They finance the US because they need a place to put the dollars they’ve bought once they’ve decided to buy them. Makes sense to combine a core level of investment in the source currency risk free asset (treasuries), with some diversification into other currencies and higher risk assets. The question is always the asset mix – whether they have too much in treasuries, not enough in other currencies or higher risk assets, etc. etc. Given what started the ball rolling and its momentum, makes sense to maintain a fairly substantial base of their assets in US treasuries – after all, the US is the source location and source currency of most of the global current account deficit. I wonder what portfolio theory would say about the ideal diversification strategy?

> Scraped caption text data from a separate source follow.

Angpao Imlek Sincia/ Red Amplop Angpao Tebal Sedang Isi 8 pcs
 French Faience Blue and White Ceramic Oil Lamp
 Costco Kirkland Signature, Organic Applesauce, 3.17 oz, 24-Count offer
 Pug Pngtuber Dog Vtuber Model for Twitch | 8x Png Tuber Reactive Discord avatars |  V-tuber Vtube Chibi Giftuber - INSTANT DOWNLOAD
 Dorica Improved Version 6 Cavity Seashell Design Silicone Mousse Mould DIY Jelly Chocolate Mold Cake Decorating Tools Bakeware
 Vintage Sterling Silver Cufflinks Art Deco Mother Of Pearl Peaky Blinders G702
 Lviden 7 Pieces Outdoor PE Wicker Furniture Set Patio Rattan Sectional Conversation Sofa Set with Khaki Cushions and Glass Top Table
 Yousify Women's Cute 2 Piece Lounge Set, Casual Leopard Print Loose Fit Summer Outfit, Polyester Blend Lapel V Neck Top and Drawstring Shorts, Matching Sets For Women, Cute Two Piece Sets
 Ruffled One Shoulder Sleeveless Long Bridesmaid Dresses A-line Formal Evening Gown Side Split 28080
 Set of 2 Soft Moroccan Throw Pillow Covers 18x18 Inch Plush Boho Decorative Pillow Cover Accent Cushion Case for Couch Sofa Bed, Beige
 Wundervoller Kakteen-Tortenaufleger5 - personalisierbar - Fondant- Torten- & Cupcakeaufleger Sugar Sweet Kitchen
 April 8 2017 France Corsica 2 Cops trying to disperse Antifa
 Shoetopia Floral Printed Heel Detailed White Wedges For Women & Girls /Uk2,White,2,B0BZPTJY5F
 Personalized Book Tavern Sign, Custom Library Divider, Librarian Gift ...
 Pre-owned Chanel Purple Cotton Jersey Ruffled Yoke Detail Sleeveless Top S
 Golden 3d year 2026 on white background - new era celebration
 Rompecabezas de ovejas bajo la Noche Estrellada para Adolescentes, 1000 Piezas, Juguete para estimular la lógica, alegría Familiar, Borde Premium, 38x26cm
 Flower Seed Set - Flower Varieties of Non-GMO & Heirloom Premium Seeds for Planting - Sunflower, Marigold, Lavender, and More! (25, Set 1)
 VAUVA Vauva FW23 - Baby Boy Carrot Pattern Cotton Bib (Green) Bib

Yes, as you I meant the housing spreads should have widened well before today, may be just out of the stock bubble in 2001-2003 when housing prices where already out of historical bounds by 20-40%.
But we had alan Greenspan saying at the time where some regulator-led spanking was most needed:
[...] But regulation is not only unnecessary in these markets, it is potentially damaging, because regulation presupposes disclosure and forced disclosure of proprietary information can undercut innovations in financial markets just as it would in real estate markets. [...]
http://www.federalreserve.gov/BoardDocs/Speeches/2002/200209252/default.htm
Throw oil on fire as the old saying says.
bsetser,
Everything makes sense if you model the BWII CBs as a single actor, with the usual political motivations of all central banks.
Ascribing economic motivations to central banks is not useful. Their political goal is to keep the global economy from either “crashing” or “overheating.” These concepts may not be meaningful economically, but they are meaningful politically. “Crashing” means mobs of unemployed navvies. “Overheating” means baguette-price riots. These images are burned into the minds of generations of enarques. No employee of any CB anywhere wants to see any of these things, ever, in any country. So, despite inevitable international tensions, motivations are generally aligned.
Perhaps this actor needs a name. The point is that Dumbledore (the Fed) and Voldemort (the foreign CBs) are one. Call him Dumblemort. Dumblemort is behind everything. If the question is a question, “Dumblemort” is the answer.
Now and for the indefinite future, the entire yield curve is controlled by Dumblemort. As are all currency cross rates. Dumblemort can issue any currency, can guarantee the present price of any security, and so on. As yet he has ventured only tentatively into the final frontier of freedom, the equity market, but even here his hand is beginning to be felt.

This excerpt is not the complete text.